Lizia yang baru selesai mandi dan mengeringkan rambut menghampiri Heksa yang tengah menikmati film dan cemilan.
"Udah? Sini, yang." Heksa tersenyum cerah, melempar cemilan itu hingga tergeletak di meja depan mereka.
Heksa merentangkan dua tangannya sebagai sambutan. Lizia tertawa pelan, tersipu malu nan lemah lembut khasnya.
Putri malu kesayangan Heksa yang akan Heksa pastikan menjadi putri pemberani dalam hal itu tentu saja.
"Wanginya kesayangan," Heksa mengendus leher Lizia dan memeluknya erat.
"Geli,"
"Masa?" Heksa semakin sengaja menggesekan hidung ke lehernya, mulai menggelitik pinggang Lizia.
"Ah.. Hahaha.. Geli," suaranya tetap saja terdengar lembut. Tawanya begitu menggemaskan di telinga Heksa.
"Ampun?"
"Iya hahahaha.." Lizia menggeliat mencoba menangkis, menahan lengan Heksa.
Heksa mengulum senyum setelah mengecup bibir dan pipinya lalu berhenti menggelitiknya. Dia menarik Lizia agar bersandar padanya.
"Kak Heksa." panggilnya pelan saat sebelah jemari Heksa masuk ke dalam pakaiannya dan menyelipkan telapak tangan besarnya ke dalam bra.
Sepertinya akan menjadi kebiasaan. Telapak tangan itu hanya mendarat di sana, hanya meremas sesekali saja.
***
Lizia mengernyit merasakan silaunya matahari pagi. Lizia menoleh ke belakang lalu tersenyum saat tahu dia suaminya. Heksa.
Seperti biasa, satu telapak tangannya mendarat di dadanya. Bahkan piyamanya sampai berantakan akibat ulahnya.
Lizia perlahan melepaskan jemari besar itu. Dia merapihkan piyama dan keluar dari selimut. Dia akan mencoba memasak sarapan.
Ini hari pertama dia pindah ke apartemen Heksa. Dia harus cepat beradaptasi, kembali melihat semua isinya yang sudah lengkap.
Tentu saja. Lanon, Gea, Nimas dan Sion membantu menyiapkan semua barang. Mereka memang yang terbaik.
Lizia membuka kulkas. Dia mulai menimang, apa saja bahan yang harus dia keluarkan.
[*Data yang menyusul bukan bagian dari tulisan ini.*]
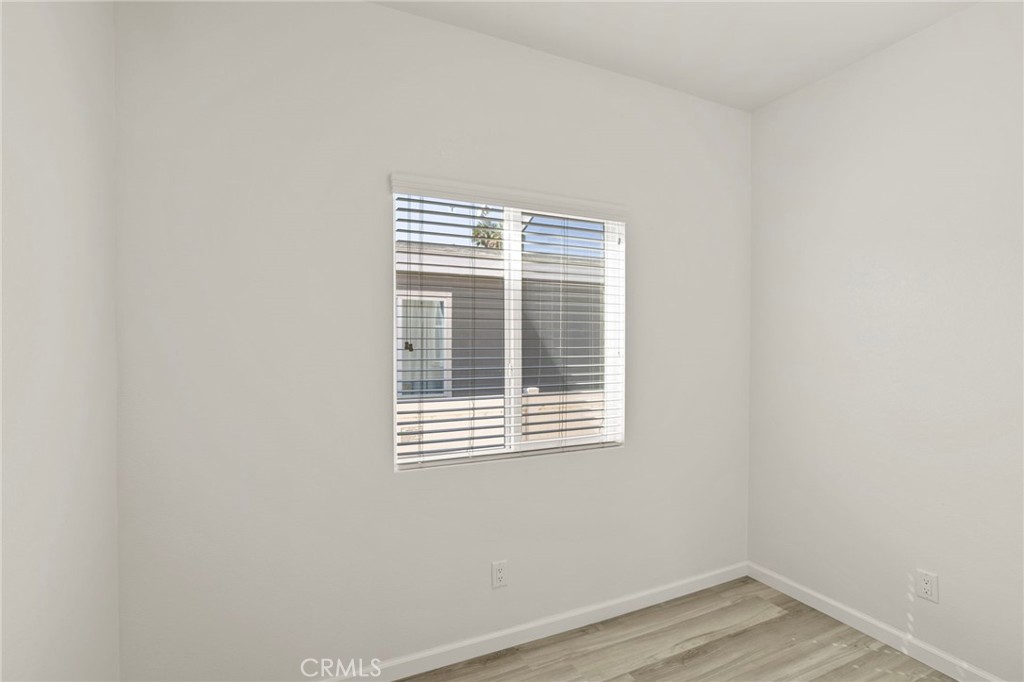 8086 Mission Boulevard 39 Property Photo 17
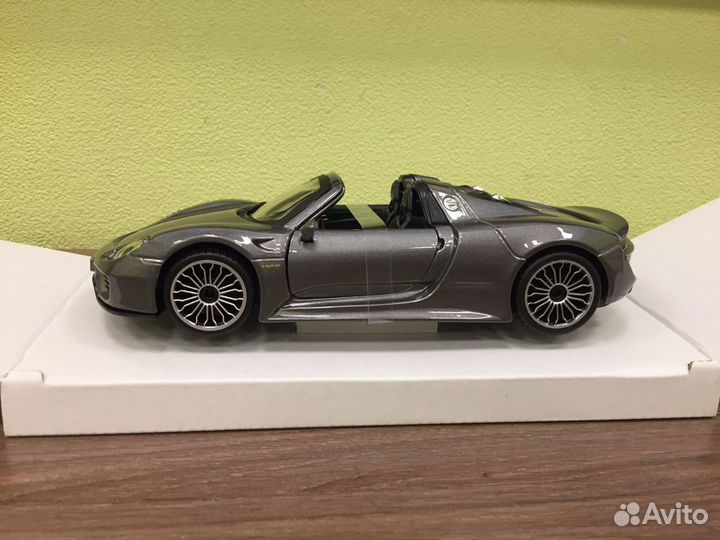 BBurago 1:24 - Porche Spyder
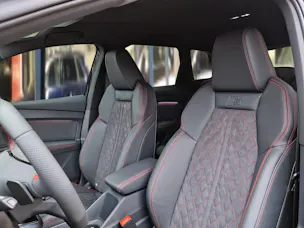 Audi Q4 e-tron 45 Edition Swiss Ski quattro Mythosschwarz Metallic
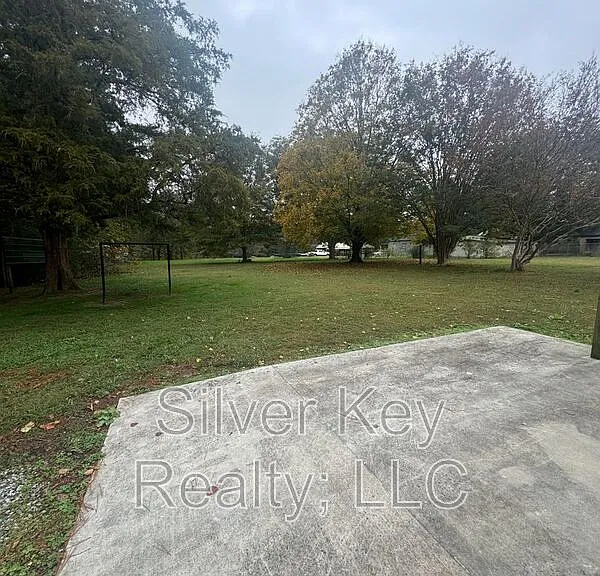 140 Arkansas Ln — Photo 3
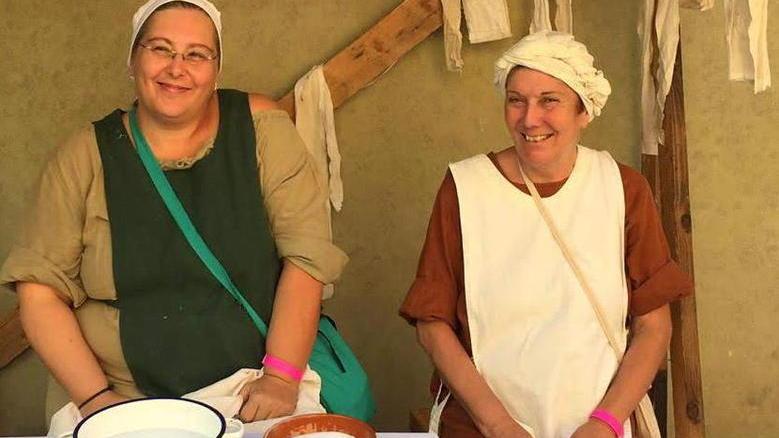 Scenografie de “I Medici” e i segreti di Cinecittà per arricchire il viaggio di Volterra nel Medioevo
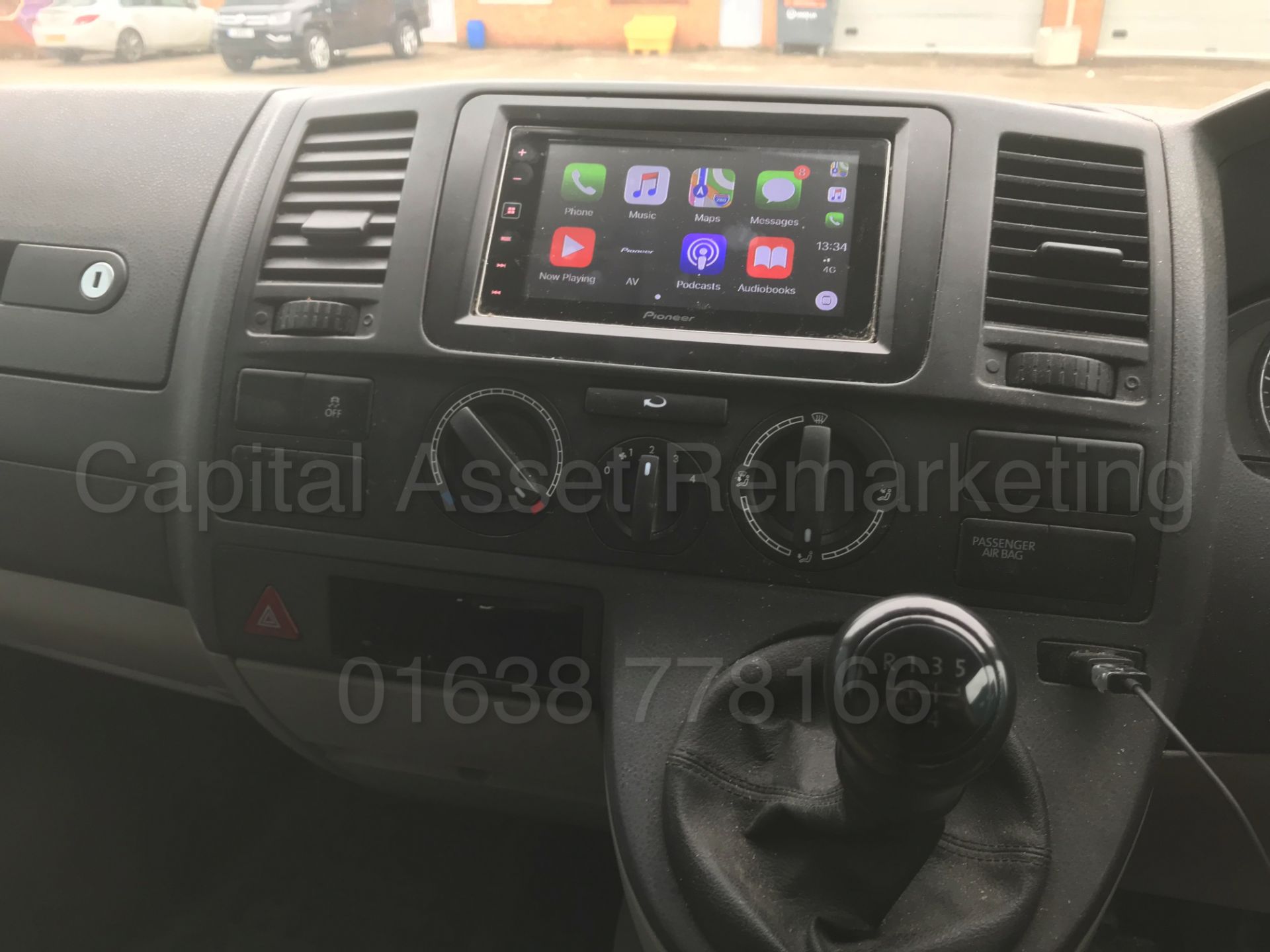 (On Sale) VOLKSWAGEN TRANSPORTER 'SWB' (2012) '2.0 TDI - ELECTRIC PACK - SAT NAV - APPLE CAR PLAY' - Image 26 of 29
"Nasi goreng aja kali ya," gumamnya.
Di kamar, Heksa tersenyum senang, tidak beranjak dari tidurnya agar bisa menikmati sarapan yang Lizia sedang siapkan.
"Diem aja bikin jatuh cinta, apalagi berusaha bikin sarapan. Kamu mau bikin aku tergila-gila segila apa, hm?" gumamnya dengan mood sangat baik.
Heksa menatap hantu mengganggu di jendela dengan senyuman, menyingkirkannya dengan tidak kesal. Malah tersenyum.
Sungguh mantan hantu yang kini semakin bucin.
Namun senyum Heksa perlahan luntur. Apa dia berhak sebahagia ini di saat bahaya tengah mengintainya dan Lizia?
Heksa menghela nafas berat. Suara derap langkah membuatnya segera terpejam dan pura-pura lelap.
"Untung belum bangun." Lizia meraih ponsel dengan hati-hati. Namun langkahnya terhenti, dia ingin mencium Heksa.
Lizia mendekat, mengecup bibirnya lalu kembali keluar kamar. Heksa tersenyum dengan mata terpejam.
Ternyata hidup sebagai manusia memang yang terbaik. Bertemu dengan Lizia sungguh kado terindah.
Heksa akan lebih baik lagi memperlakukannya.
***
"Enak ga ya?" Lizia kembali mencicipi nasi goreng buatannya, dia merasa tidak percaya diri. Ini pertama kali dia membuatnya.